Verify: does the number of reveal_type entries match the local count? If not, you missed some — go back and add them.

If a reveal_type result contradicts your understanding of the op (e.g., spatial dims unchanged after a strided conv, or a shaped op returning bare), write a small isolating test, run the checker, and confirm the behavior before proceeding. Either your understanding is wrong (update your mental model) or the checker has a simplification you should document.

This table is your Step 4 input. Do not write assert_type until Step 4 is complete for every BARE entry. The results tell you:

Shaped type → the checker tracks this op. Write assert_type in Step 5.
Bare Tensor → shape lost. Investigate in Step 4 before deciding.

Step 4: Restructure for tracking

Many patterns that LOOK dynamic have trackable substructure. Conditional branching over matmul/bmm chains, for example, is fully trackable if the dimension values are Dim-typed.

For EACH bare Tensor from Step 3, attempt ALL applicable restructurings before falling back to typed interface:

□ int() or round() wrapping a Dim value? Remove it. If the argument is already int-compatible (e.g., round() on an integer expand_ratio), the wrapper is a no-op that kills tracking.
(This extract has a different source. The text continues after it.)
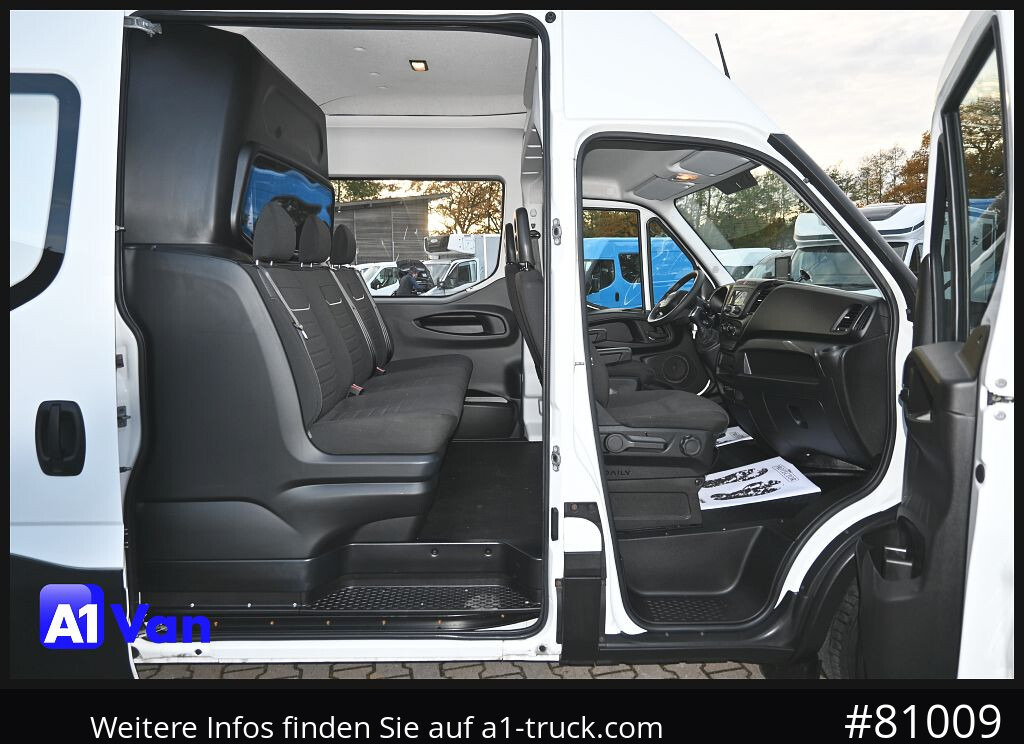 IVECO Daily 35S21 A8V Mixto, Klima, Tempomat, AHK - Utilitaire double cabine: photos 3 IVECO Daily 35S21 A8V Mixto, Klima, Tempomat, AHK - Utilitaire double cabine: photos 3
□ nn.Sequential(*list_var)? Extract shape-changing modules (Linear, Conv2d, etc.) as individual attributes and chain them in forward. Shape-preserving modules (activations, norms, dropout) can remain grouped since their output shape equals their input. Note: this applies to nn.Sequential(*list_variable) where the modules come from a list. nn.Sequential(M1(), M2(), M3()) with direct arguments IS tracked — don't restructure it.

□ nn.Sequential subclass? The special handler tracks shapes when a Sequential is CALLED as an attribute (self.net(x)), but NOT when forward is inherited from a Sequential base class. Convert subclasses to composition: replace class Foo(nn.Sequential) / super().__init__(m1, m2, m3) with class Foo(nn.Module) / self.net = nn.Sequential(m1, m2, m3) and delegate forward to self.net(x). This is the minimal change for full shape tracking.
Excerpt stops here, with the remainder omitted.